Co-investment: Toe in the water
Is co-investment worth it? Absolutely, provided the LP in question has sufficient willingness, experience and resources to conduct due diligence on a deal before the window of opportunity closes.
Andy Hayes, private equity investment officer at the Oregon State Treasury (OST), is part of a three-person team responsible for the $13.9 billion Oregon Public Employees Retirement Fund has allocated to the asset class, nearly 21% of the total corpus. The co-investment program is run jointly with Washington State Investment Board and management is outsourced.
Contrast that with Teachers' Private Capital (TPC), the PE and direct investment arm of Ontario Teachers' Pension Plan (OTPP). It has deployed C$12 billion ($11 billion) globally - split equally between fund and direct investments - with in-house experts to look at opportunities in different industries and satellite offices (including Hong Kong) to cover different geographies.
TPC favors the proactive co-underwriting deals alongside managers over passive downstream syndication where there is little participation in deep due diligence. OST, by the very nature of its set up, errs more towards the latter end of the spectrum.
It is in this context that the results of Altius Associates' recent study on co-investment programs should be viewed. Relying on a sample of 886 realized US buyout and growth investments made between 1979 and 2010, the study found there is a substantial probability that a co-investment portfolio comprising 10 assets would generate an IRR below 0%.
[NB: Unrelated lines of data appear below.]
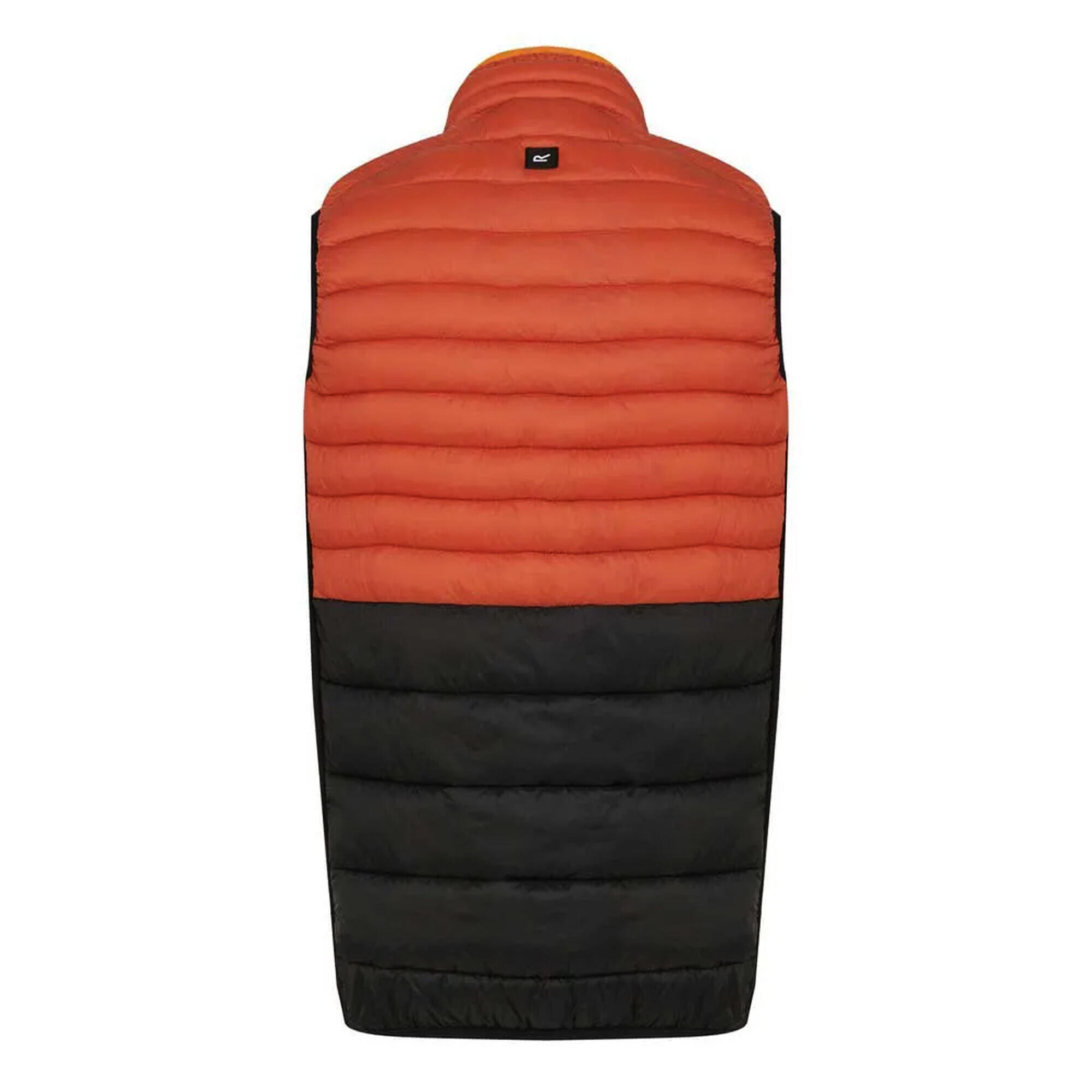 Colete Leedre Hybrid para homem (Vermelho ocre/preto) 2/5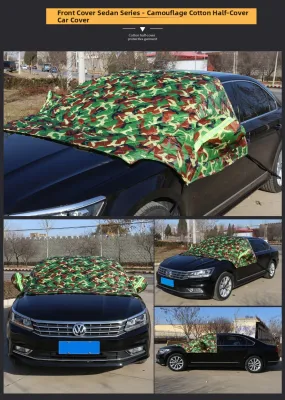 Four Seasons Sun Protection Rainproof Insulated Front Part Thickened Car Cover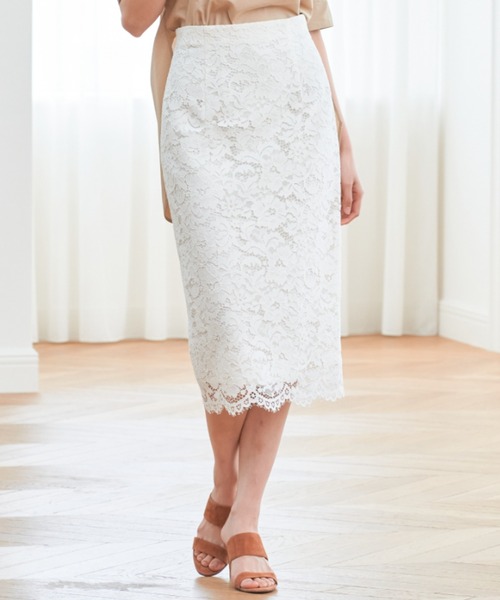 ANAYI（アナイ）の「フラワーラッセルレースタイトスカート（スカート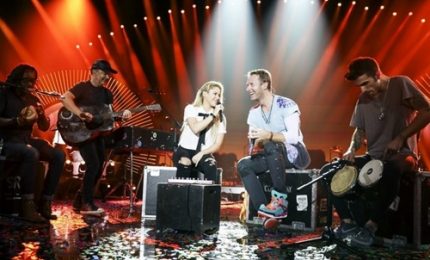 Shakira, Chris Martin e Justin Trudeau al concerto per G20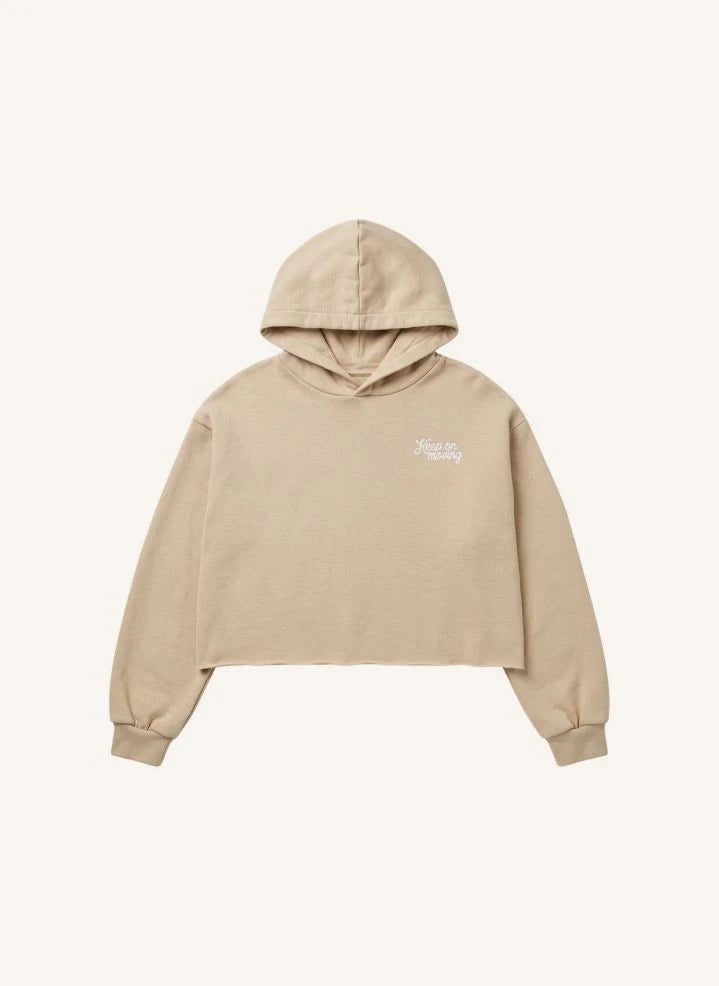 Smallable Kid - "Petal Keep On Moving" Sweatshirt | بيج
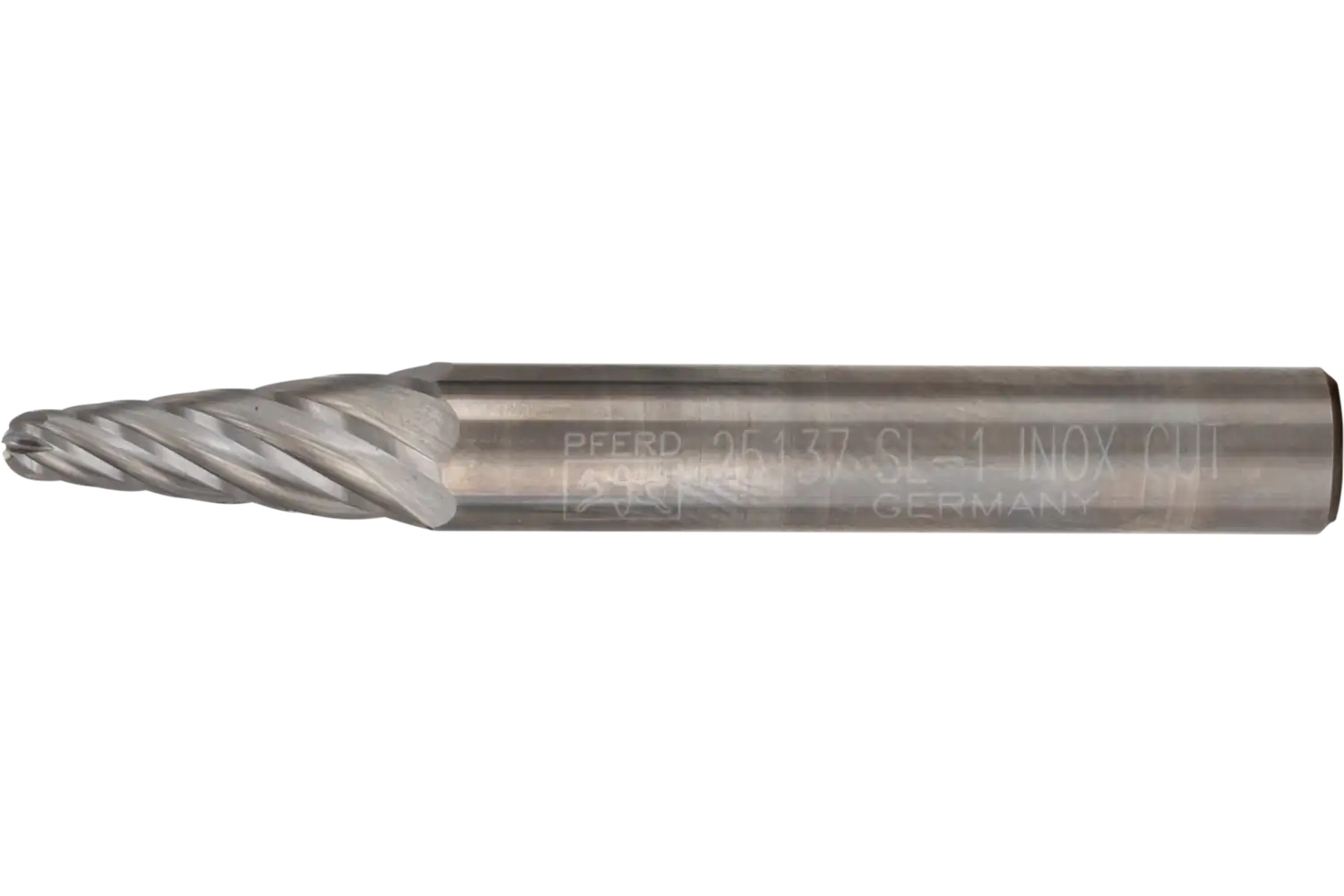 Picture of Pferd Carbide Bur SL-1 14° Taper Inox Cut 1/4" x 5/8" x 1/4" Shank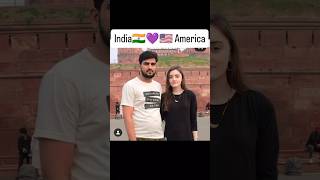 India 🇮🇳❤️🇺🇸 America couple indiaamerica indiaamericarelation america american [upl. by Gustavus]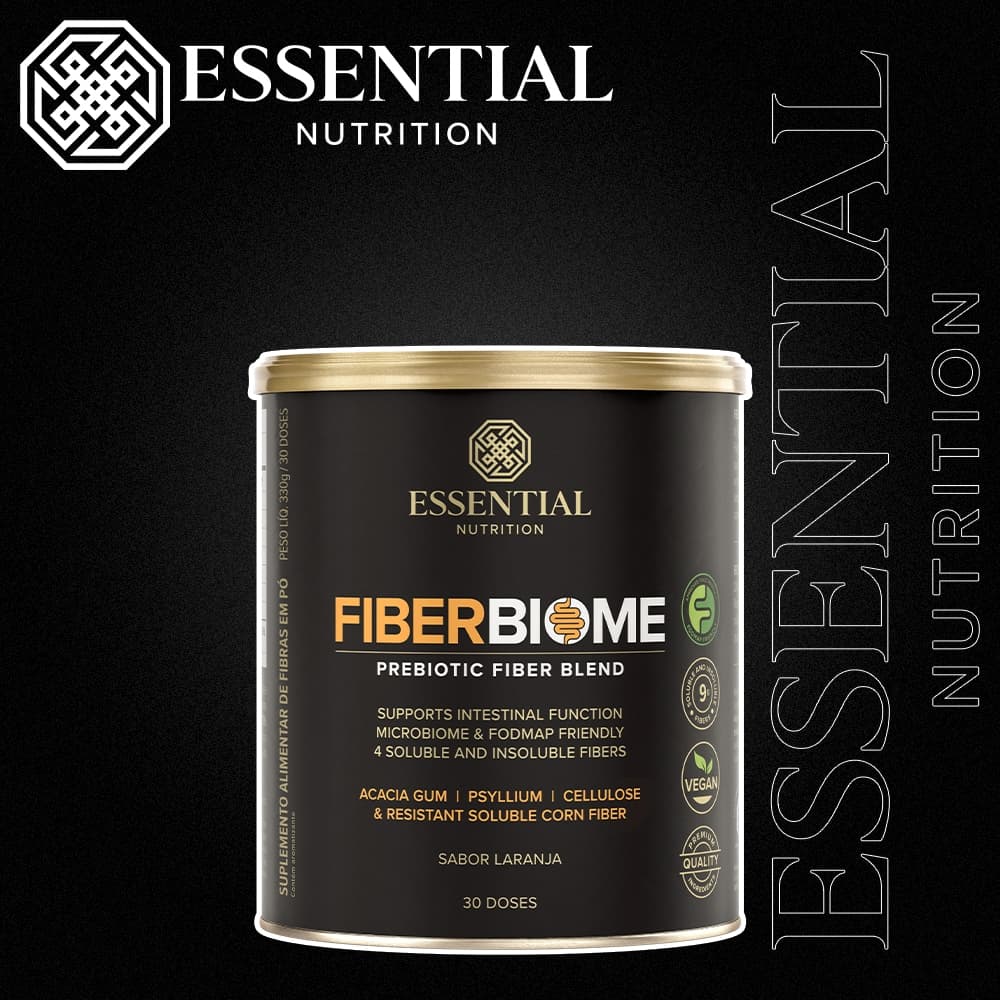 Fiber Biome Essential Nutrition 300g Laranja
Deal selection is one of the most important components of driving returns for investors, Dr. William Charlton, Altius' head of US investment, noted. But even with good choices, portfolios may be subject to additional risk because a small number of transactions can move the returns needle substantially - positively or negatively.
The rationale has been explained before. If done correctly, co-investments offer LPs the opportunity to deepen their exposure to certain assets in a fund portfolio without incurring additional fees. But deploying capital in a single transaction rather than across all the deals could also expose the LP to more downside.
One of the primary risks is adverse selection. GPs may not open up the best transactions for co-investment because they want to keep good deals within the fund structure and maximize their carried interest; or they open up potentially bad transactions by stepping beyond their comfort zone in terms of deal size.
LPs that recognize their limitations and either outsource co-investment or build up in-house resources (the OST approach versus the TPC approach) are less likely to get caught out. Industry participants warn that LPs who spread their staff too thinly and often end up being the last people to see deals and the last people to hear what is being said on the ground.
Given Altius' findings are based on deals done in the US only, they may not reflect the fact that the predominantly US-based investor base is not as gung-ho globally as in their home markets.
Marcus Simpson, head of global PE at QIC, estimates there are only 15-20 LPs capable of underwriting co-investments in the manner of TPC. However, he accepts that post-deal syndication is the first step in a journey that may end in a more proactive approach.
According to Bain & Company, LPs participated in only 15% of US buyouts north of $1 billion between 2009 and 2013, typically as a co-underwriter. Canadian Pension Plan Investment Board, GIC Private, OTPP and Temasek Holdings were the most active co-investors.
In Asia as elsewhere, there is increased appetite for co-investment. But beyond a number of very large institutional players there is still more talk than action. Even among the big fish, experience varies hugely, and they will have their successes and failures - in part driven by whether their understanding of the resources required to participate matches the reality.